Applying this taxonomy to standardized UX questionnaires, we find numerous examples of researchers using generic UX questionnaires in research on the UX of mobile apps. For example:
- van der Heijden and Sangstad Sørensen (2003) used a standardized consumer acceptance questionnaire, the Hedonic Utilitarian (HED/UT) scale, to measure attitudes toward mobile information services.
- Dhir and Al-kahtani (2013 [PDF]) used the AttrakDiff questionnaire to evaluate the UX of mobile augmented reality prototypes.
- O’Malley et al. (2014) used the Software Usability Measurement Inventory (SUMI) to study a mobile app for adolescent obesity management.
- Kortum and Sorber (2015) used the System Usability Scale (SUS) to assess mobile applications for phones and tablets.
We know of three standardized questionnaires that were developed specifically to assess the UX of mobile apps. Two used the methods of classical test theory (CTT)—the Mobile Phone Usability Questionnaire (MPUQ) and an unnamed questionnaire for the assessment of mobile app usability published by Hoehle and Venkatesh (2015) that we will refer to as the modified Apple UX Guideline (mod-AUG) scales. The third one is the SUPR-Qm, which was developed at MeasuringU using item response theory (IRT, specifically, Rasch scaling) rather than CTT.
The MPUQ
The MPUQ is a multidimensional instrument with six subscales (ease of learning and use, assistance with operation and problem solving, emotional aspect and multimedia capabilities, commands and minimal memory load, efficiency and control, and typical tasks for mobile phones) measured with 72 items. The subscales were identified using factor and item analysis (construct validity). The reliabilities of the subscales were acceptable with coefficient alpha ranging from .82 to .93 (.96 overall).
For the full MPUQ, see the original article. Some examples of the items for each subscale are:
- Ease of Learning and Use (LEU): “Is it easy to learn to operate this product?”; “Is discovering new features sufficiently easy?”
- Helpfulness and Problem-Solving Capabilities (HPSC): “Is the HELP information given by this product useful?”; “Does the HELP function define aspects of the product adequately?”
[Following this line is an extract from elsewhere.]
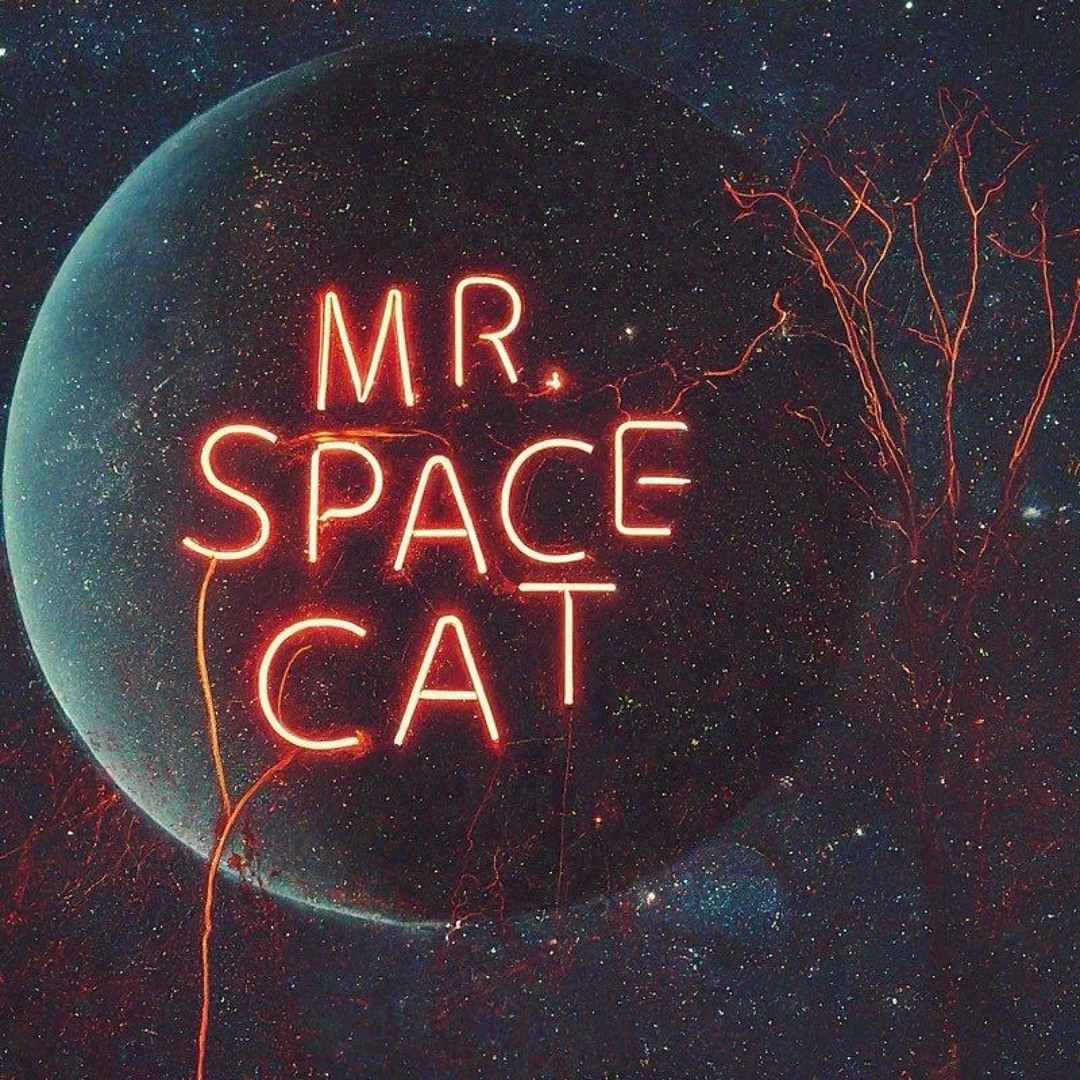 Stream To be Alone with You by Mr Space Cat | Listen online for free on ...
- Affective Aspect and Multimedia Properties (AAMP): “Is using this product frustrating?”; “Does carrying this product make you feel stylish?”
- Commands and Minimal Memory Load (CMML): “Is the organization of the menus sufficiently logical?”; “Are the HOME and MENU buttons sufficiently easy to locate for all operations?”
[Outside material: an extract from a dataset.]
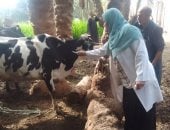 تحصين الماشية ضد الحمى القلاعية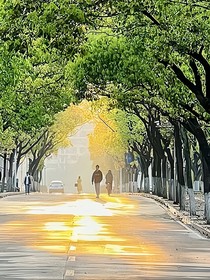 青樹檸檬草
- Control and Efficiency (CE): “Are the response time and information display fast enough?”; “Is the product reliable, dependable, and trustworthy?”
- Typical Task for Mobile Phone (TTMP): “Is it easy to correct mistakes such as typos?”; “Is it easy to change the ringer signal?”
The Mod-AUG Scales
As part of an information systems investigation into the usability of mobile apps and the influence of that construct on user attitudes and intention to use, Hoehle and Venkatesh developed a questionnaire with an initial set of 120 items based on the 2012 version of Apple’s UX guidelines (the AUG scales). The final questionnaire retained 78 of those items, hypothesized to measure 19 low-level constructs that in turn measured six high-level constructs (application design, application utility, user interface graphics, user interface input, user interface output, and user interface structure). For research purposes, participants also responded to 24 additional items related to the high-level constructs and 11 items related to two outcome constructs (likelihood to use, loyalty), for a total of 102 items.
The reliability of the scales (coefficient alpha) ranged from .75 to .85. Fit statistics were acceptable for the construct validity (measurement model) of the questionnaire assessed with confirmatory factor analysis. A structural equation model that included the questionnaire and outcome constructs also had acceptable fit statistics (CFI = .96, RMSEA = .04), accounting across initial and cross-validation datasets for 41% to 47% of the variance in the intention to keep using and 16% to 19% of the variance in loyalty.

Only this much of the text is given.